• TASK DESCRIPTION: If a picture appears in the records, leave it out and transcribe the rest exactly.

(RECORDS FOR THE TASK Opens)

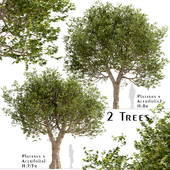 Set of Platanus × acerifolia Trees (London plane) (2 Trees)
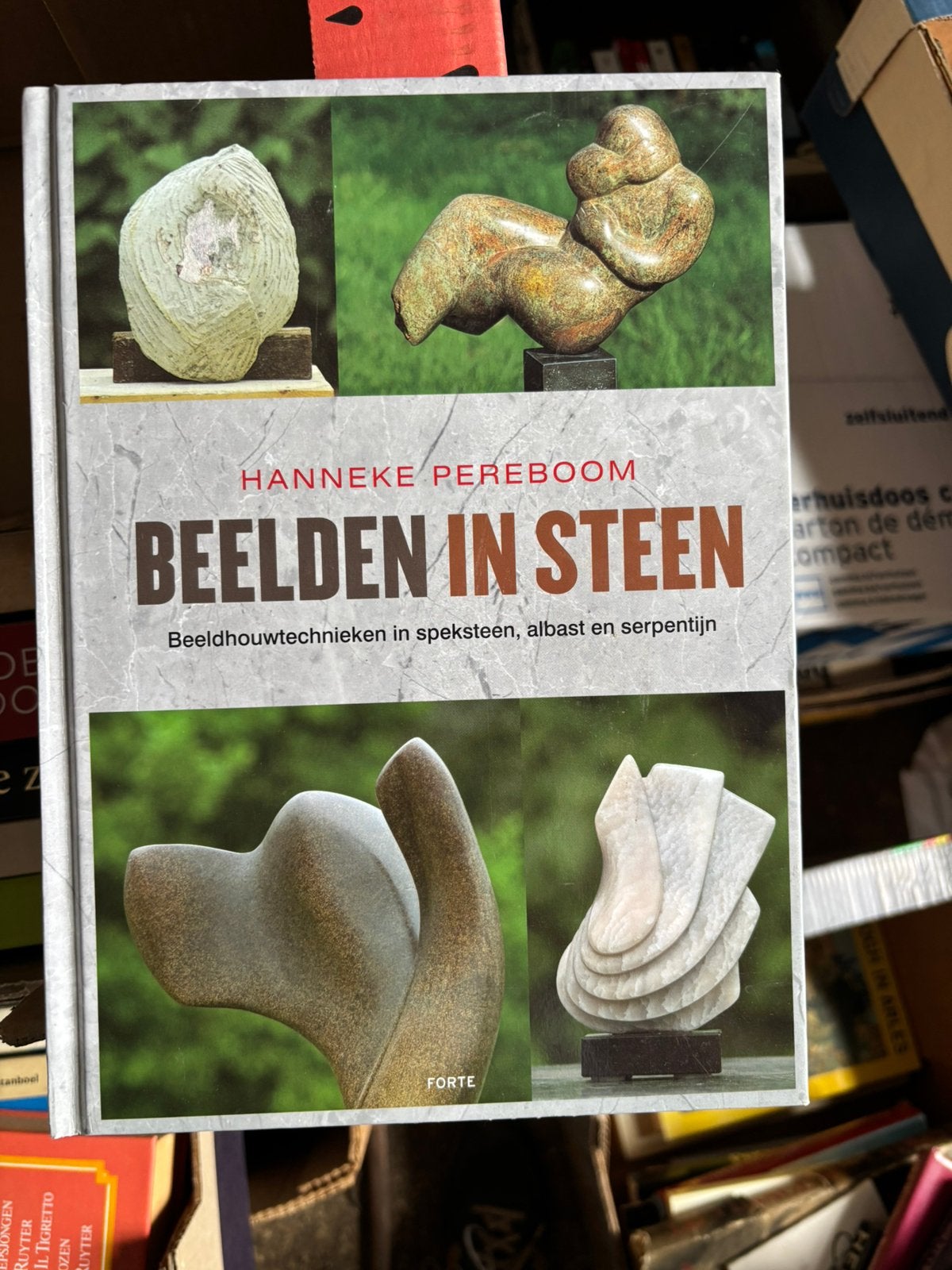 Hanneke Pereboom - Beelden in steen, Ophalen of Verzenden, Zo goed als nieuw, Hanneke Pereboom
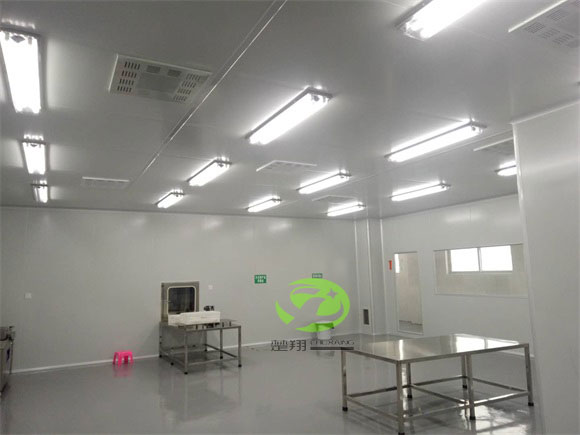 郴州福鹅食品草莓视频黄色的车间装修工程(图4)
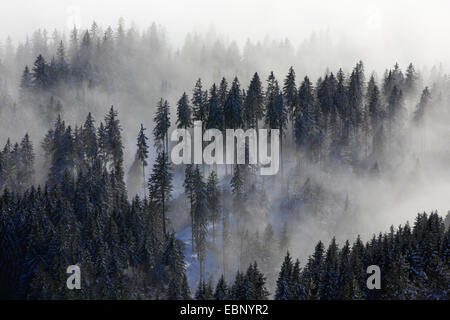 Snowy bosco di conifere con aleggia di nebbia, Svizzera, Appenzell Foto Stock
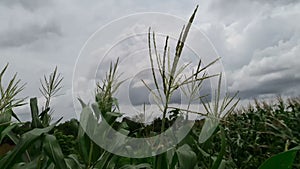 Corn hit by a gust of wind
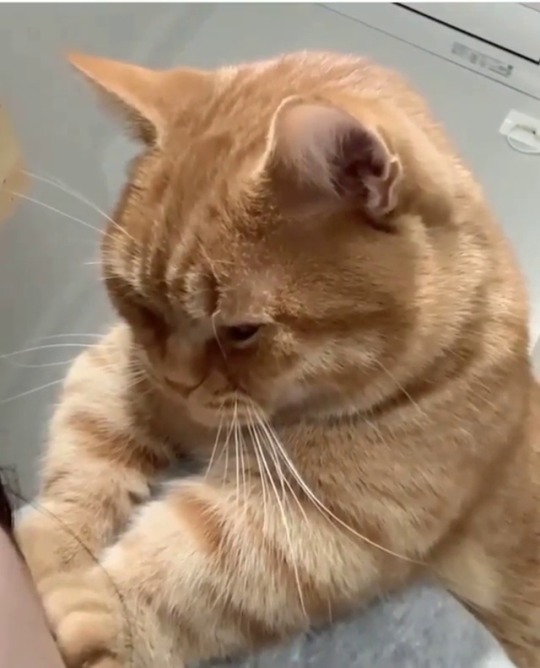 everythingfox:  Pet him you monster(via)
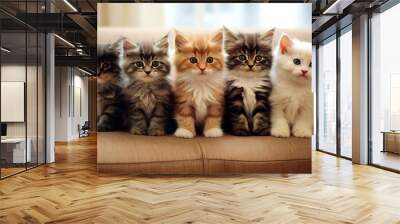 Five adorable colorful  kittens on the couch Wall mural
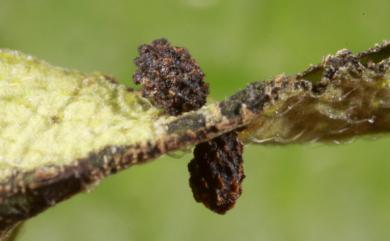 Cryptocephalus nitidissimus Chujo, 1934 華麗筒金花蟲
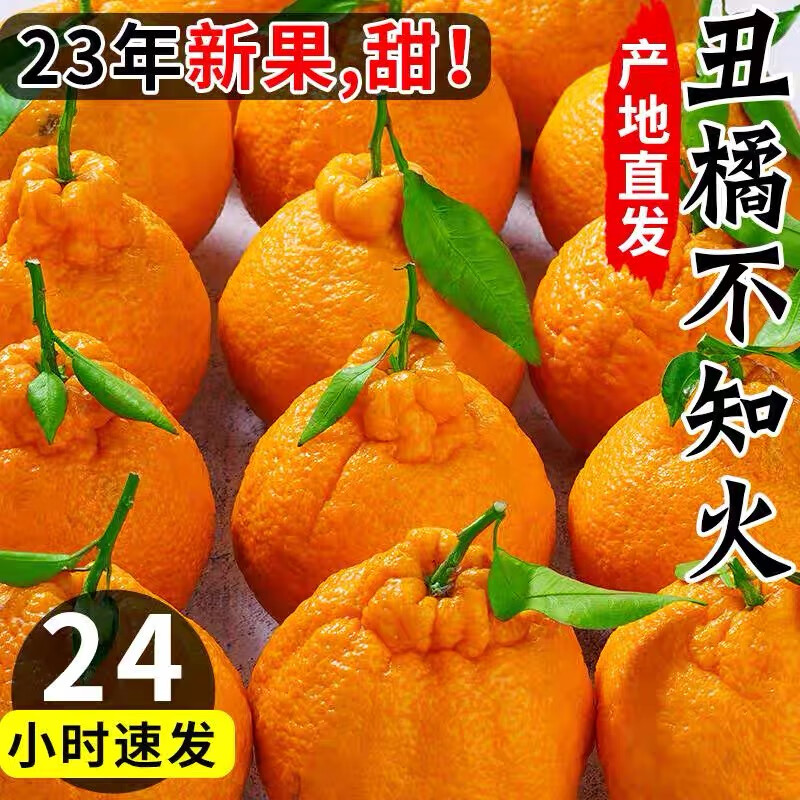 三颂正宗四川丑橘5斤装 新鲜水果不知火丑柑甜橘子 柑橘粑粑柑耙耙柑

(RECORDS FOR THE TASK Closes)

• EXPECTED OUTPUT:
 Set of Platanus × acerifolia Trees (London plane) (2 Trees)
 Hanneke Pereboom - Beelden in steen, Ophalen of Verzenden, Zo goed als nieuw, Hanneke Pereboom
 郴州福鹅食品草莓视频黄色的车间装修工程(图4)
 Snowy bosco di conifere con aleggia di nebbia, Svizzera, Appenzell Foto Stock
 Corn hit by a gust of wind
 everythingfox:  Pet him you monster(via)
 Five adorable colorful  kittens on the couch Wall mural
 Cryptocephalus nitidissimus Chujo, 1934 華麗筒金花蟲
 三颂正宗四川丑橘5斤装 新鲜水果不知火丑柑甜橘子 柑橘粑粑柑耙耙柑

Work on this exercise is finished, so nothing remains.